At a time some sections of the media are claiming that Mercedes strategist James Vowles was "thrown under the bus" by Mercedes as its Austrian Grand Prix imploded, technical director James Allison has explained why the Briton chose to offer his mea culpa over the team radio, whilst paying tribute to him for the move.

Having missed an open goal in failing to pit when the VSC was deployed following the retirement of his teammate, the voice that Lewis Hamilton would normally expect to hear over the team radio is that of his engineer Peter 'Bonno' Bonnington. Instead however, as his race began to fall apart, it was the voice of strategist James Vowles that was heard by the world champion... and millions of race fans around the world.

Admitting that he had "thrown the race away", that he'd made a mistake which would cost Hamilton victory, as well as apologising for his error, Vowles did his best to encourage the driver, only for a fuel pressure issue to finally end his misery.

In the latest edition of Pure Pitwall, Allison explained the situation.

"You do sometimes hear James, and it's normally under unusual circumstances when we have a message that's either subtle or difficult and we need to get a message to the driver without the intermediary of the race engineer," said Allison.

"The normal communication path is that the strategist will tell a message to the race engineer to pass on to the driver and the race engineer will do that.

"Sometimes you want to avoid the Chinese whisper of that or the message is very important or, in this particular instance, it was extremely personal.

"In this particular instance it was James showing an extremely broad pair of shoulders," Allison continues, "standing up and saying 'that's my mistake, Lewis, and I'm very sorry for it'.

"I think that's characteristic of James but also a measure of how this team operates, where people will hold up a hand when they have made a mistake knowing that the team's attitude to mistakes is that they are things that they learn from rather than throw blame around for or cause great polemics within the team.

"It was a great example of strong leadership by James, trying to explain to Lewis what had happened.
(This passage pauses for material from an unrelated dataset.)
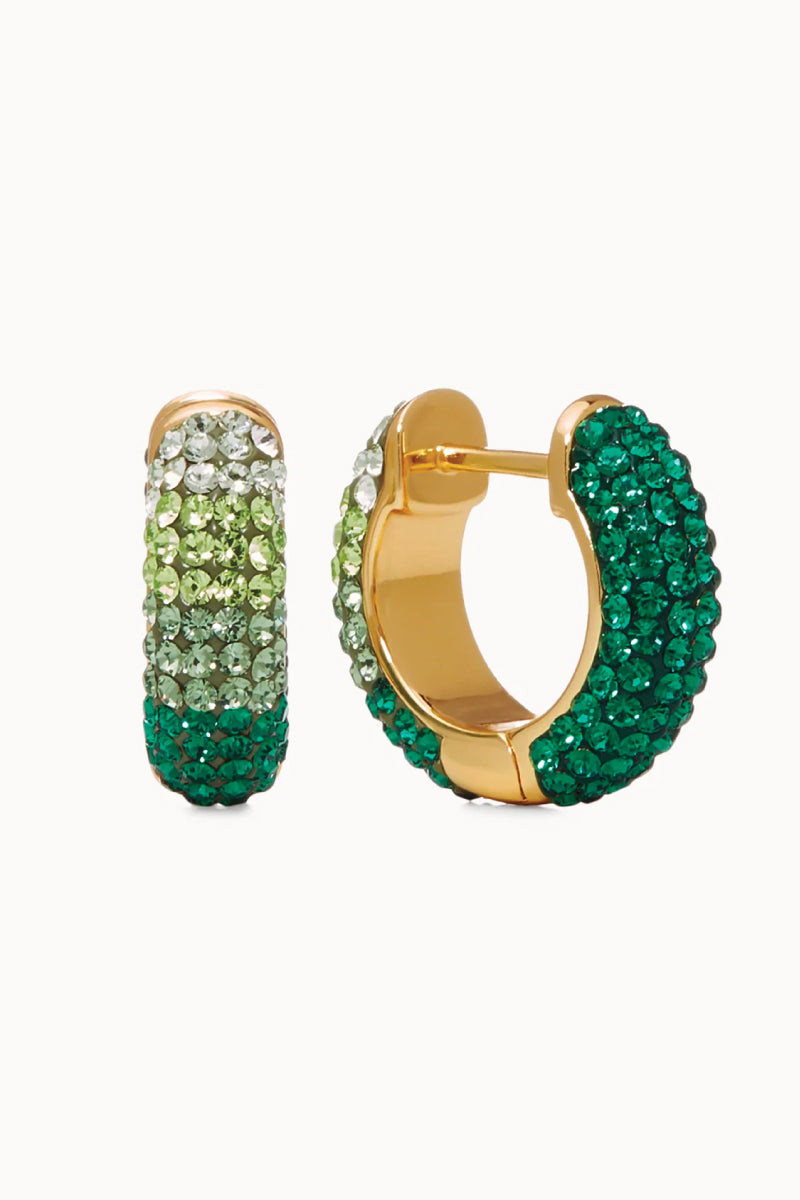 Holiday Sparkle Reversible Hoop Earrings - GRN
The importance of that message meant James wanted to give it personally rather than passing it through the intermediary of a race engineer."

Explaining the failure to pit Hamilton in the immediate of the VSC's deployment, Allison said: "Strategy is one of those really odd things where it is incredibly obvious in hindsight what you should have done; even my mum could have made the right decision with the benefit of all the hindsight after the decision is taken. But at the time, the strategist faces more of a dilemma and the person who is in the lead of the race always faces the biggest dilemma of all because they have the most to lose.

"You don't want to be the only one stopping and then find that all the others don't stop and you get tangled up in them in a way you hope not to be.

"We thought that the Virtual Safety Car would last for more than one lap, so we thought we would wait and see what happened to the guys behind us, see whether they stop or didn't stop, and make our decision on the second lap.

"It didn't last for more than one lap, it all happened in just one, so we lost out to everyone behind us because they had a cheap stop and we had an expensive stop and it was a big mistake... one that we would have paid a big price for had we not had a subsequent DNF later in the race."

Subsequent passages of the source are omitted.